Social Network Analysis

What Is Social Network Analysis?

The Fort Collins Network Environmental Sustainability Tool (NEST) was generated using social network analysis. Social network analysis combines qualitative and quantitative data to analyze the structure of social networks and reveal how resources and information flow throughout a particular network. This approach to understanding organizational or inter-organizational dynamics is useful because it reveals who the “power players” are in the network, how resources circulate, and who performs “bridge work” between main aggregates of actors. [8] When networks are mapped in this way, it becomes possible to infer why individuals or organizations do or do not enter into collaboration with one another, and what the existing barriers to collaboration are based on gaps in the network structure.

Structure-based roles of network actors.

Source: Cross, Rob, Heidi Gardner, and Alia Crocker. 2019. “Networks for Agility: Collaborative Practices Critical to Agile Transformation.” Connected Commons.

Because this project aims to develop strategies to improve the flow of information, resource sharing, and collaborative efforts among those working in the field of environmental sustainability in Fort Collins, social network analysis is a useful tool for the insights that it provides.
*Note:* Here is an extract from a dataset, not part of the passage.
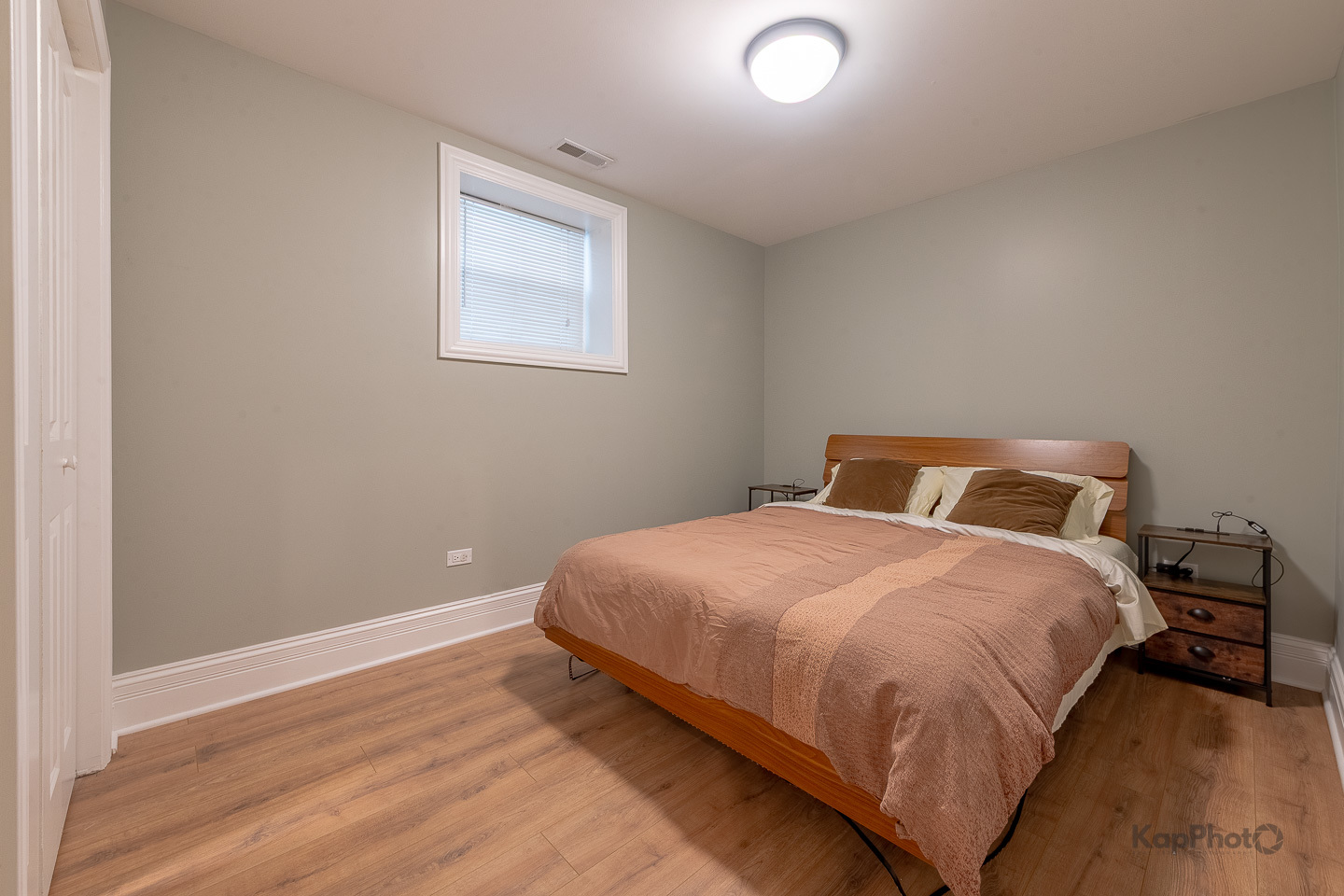 3639 N Troy Street Unit: 2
Social interactions are crucial to understanding why collaborative relationships emerge between certain players and not others, how individuals’ positions within the network affect how they engage with others, and how power dynamics emerge within coalitions of groups in the network. [9]
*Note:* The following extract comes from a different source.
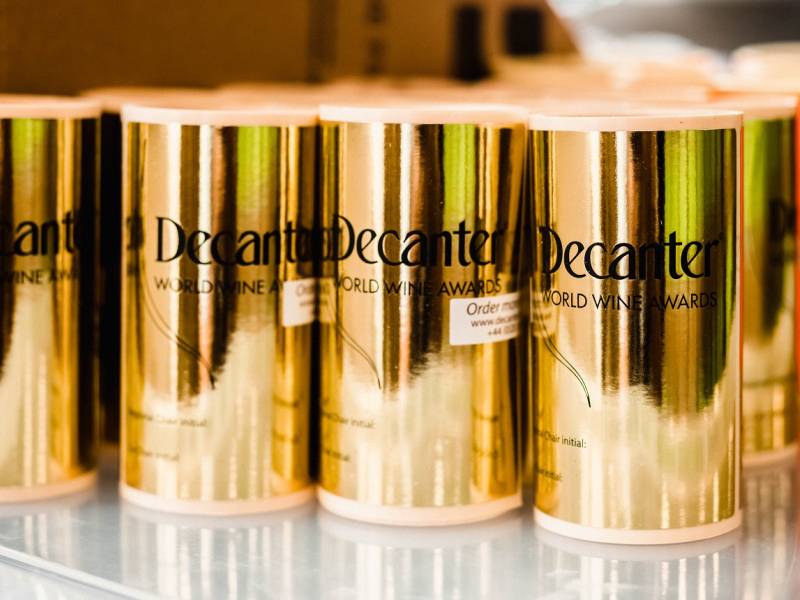 vina iz ukrajine besplatno na dekanteru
[8] Cross, Rob, Heidi Gardner, and Alia Crocker. 2019. “Networks for Agility: Collaborative Practices Critical to Agile Transformation.” Connected Commons.
[9] Lin, N., Y.C. Fu, and R.M. Hsung. 2017. “The Position Generator: Measurement techniques for investigations of social capital.” Social Capital (pp. 57-81). Routledge.; Bruhn, J.G. 2011. The Sociology of Community Connections. Springer Science & Business Media.; Cross, Jennifer Eileen, Ellyn Dickmann, Rebecca Newman-Gonchar, and Jesse Michael Fagan. 2009. “Using Mixed-Method Design and Network Analysis to Measure Development of Interagency Collaboration.” American Journal of Evaluation 30(3):310–329.; Sharp, J.S. 2001. “Locating the community field: A study of interorganizational network structure and capacity for community action.” Rural Sociology, 66(3), pp.403-424.